Idlib province is controlled by the Army of Conquest, an alliance of rebel groups and jihadists including the Fateh al-Sham Front, which changed its name from Al-Nusra Front after breaking off ties with Al-Qaeda earlier this year.
Syrian and Russian warplanes regularly bomb Idlib, but air strikes have intensified in recent weeks, according to the Observatory.
Russia is facing pressure at the United Nations to rein in its Syrian ally and halt air raids in rebel-held east Aleppo, where 250,000 civilians have been living under siege since July.
UN aid chief Stephen O'Brien said he was "incandescent with rage" over the Security Council's failure to take action, deploring that "nothing is actually happening to stop the war, stop the suffering."
With food growing scarce, "civilians are being bombed by Syrian and Russian forces, and if they survive that, they will starve tomorrow," said O'Brien.
"Aleppo has essentially become a kill zone."
Russian ambassador Churkin shot back, accusing O'Brien of making "arrogant remarks" and failing to recognise that Russia had declared a humanitarian pause that he maintained had been holding for eight days.
"If we needed to be preached to, we would go to a church," Churkin quipped.
The ambassador blamed opposition rebels and Al-Qaeda-linked jihadists for the failure at the weekend of a UN plan to evacuate the wounded from Aleppo and charged that the UN official was not objectively presenting the facts.

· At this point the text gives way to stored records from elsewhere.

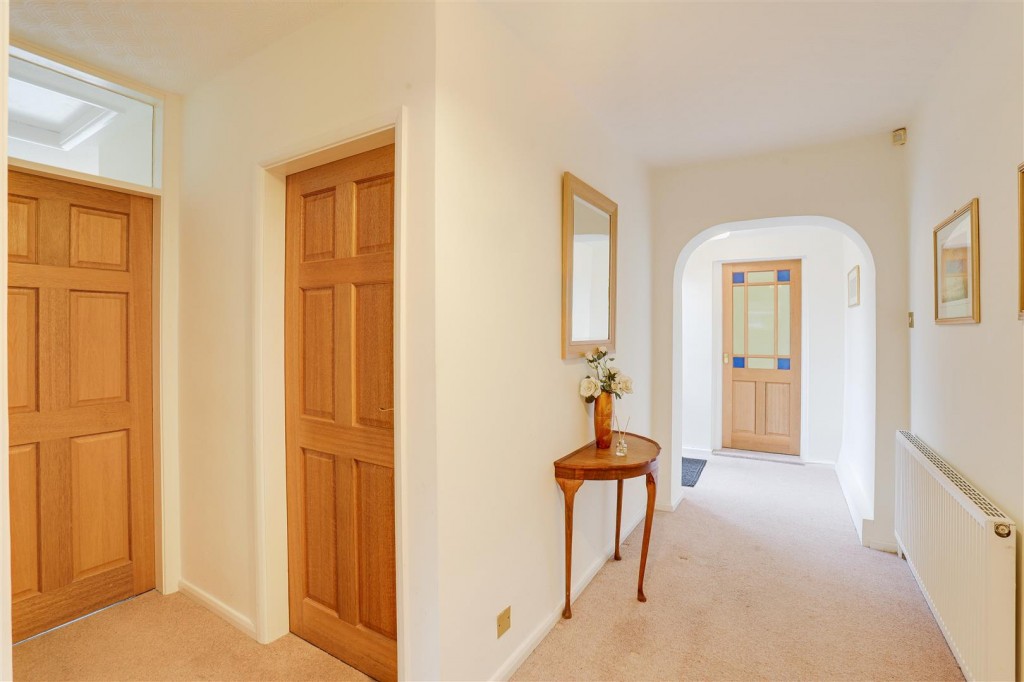 Grange Close, Lambley, Nottinghamshire, NG4 4QJ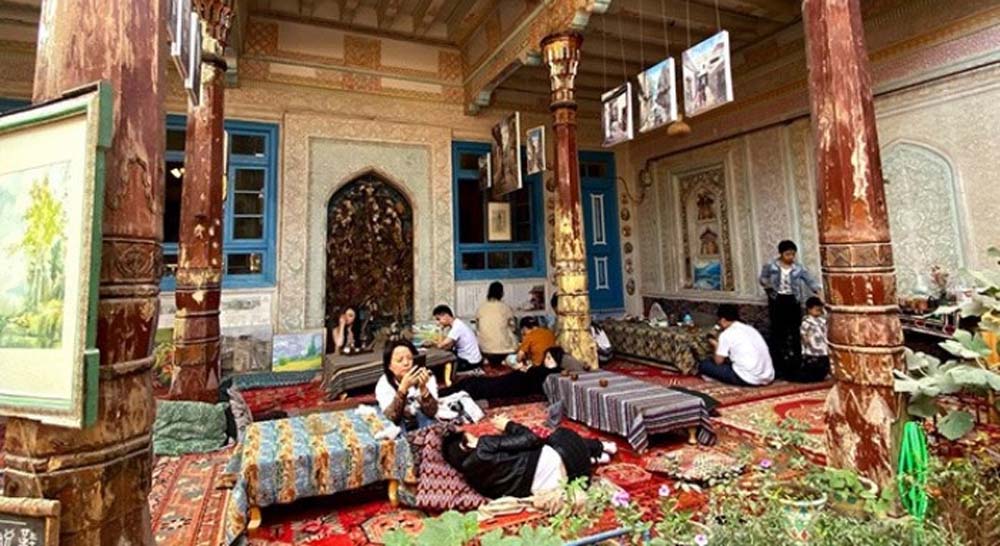 Miris, Banyak Masjid di Xinjiang China yang Dijadikan Kafe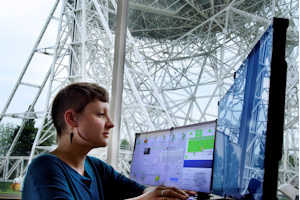 Student at a computer at Jodrell Bank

US ambassador Samantha Power criticised Russia, saying it had never worked cooperatively with the United Nations during the pauses to ensure humanitarian relief.
"You don't get congratulations and credit for not committing war crimes for a day or a week," said Power.

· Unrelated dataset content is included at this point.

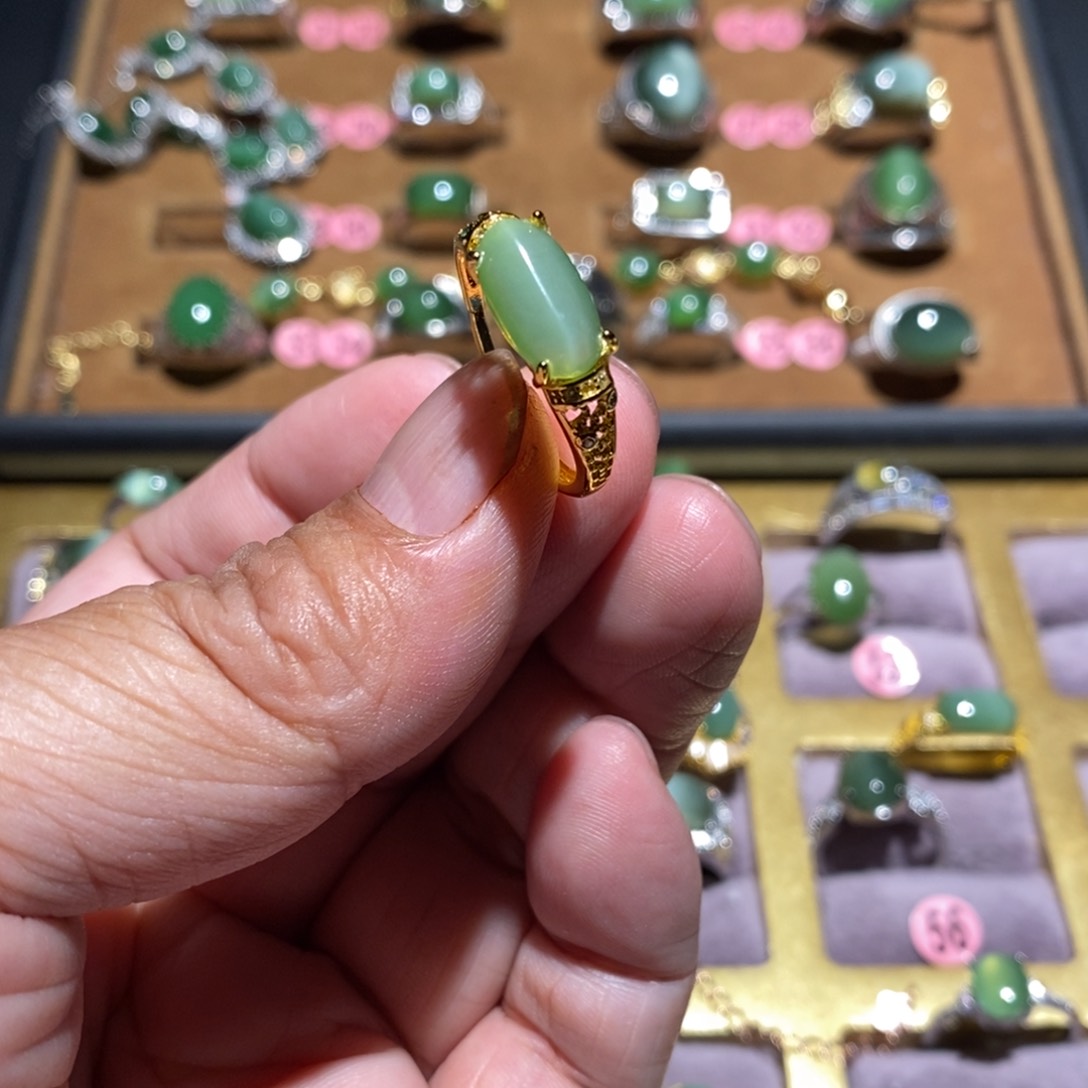 和田玉（碧玉）戒指未镶嵌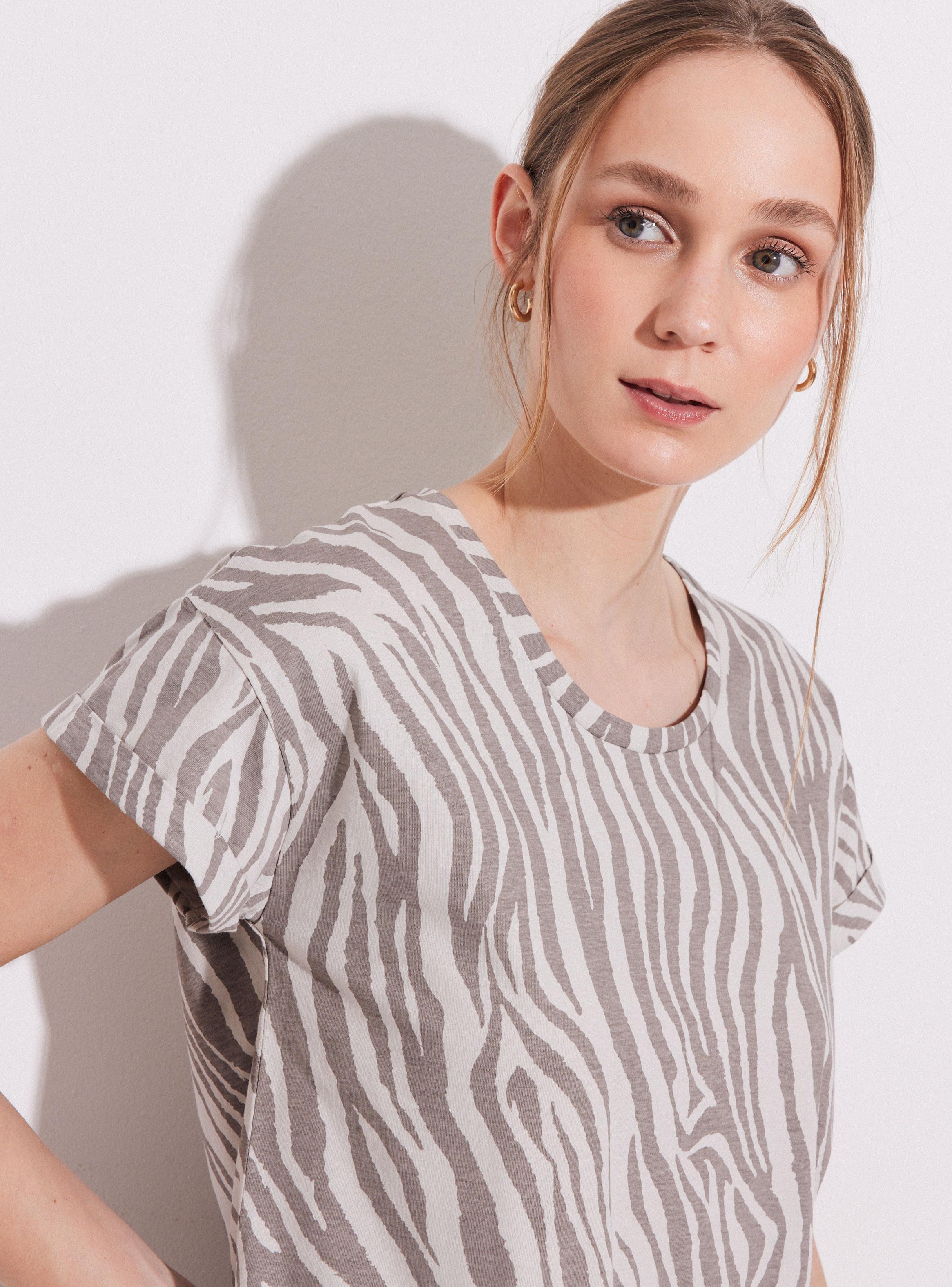 Polera Estampado Cebra-2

The bitter exchange came as the latest attempt to revive a ceasefire fell flat.
Meanwhile, US Defense Secretary Ashton Carter and his British counterpart Michael Fallon said an offensive to drive IS out of its Syrian stronghold of Raqa, 160 kilometres (100 miles) east of Aleppo, would begin in the next few weeks.
The US-led coalition is currently supporting a 10-day-old assault by Iraqi and Kurdish forces on the jihadists' main Iraqi bastion of Mosul.
Syria's conflict erupted in March 2011 with protests calling for the ouster of President Bashar al-Assad.
But it has since evolved into a multi-front war, pitting jihadists, rebels, government forces and Kurdish militia against each other.
More than 300,000 people have been killed and millions forced to flee their homes.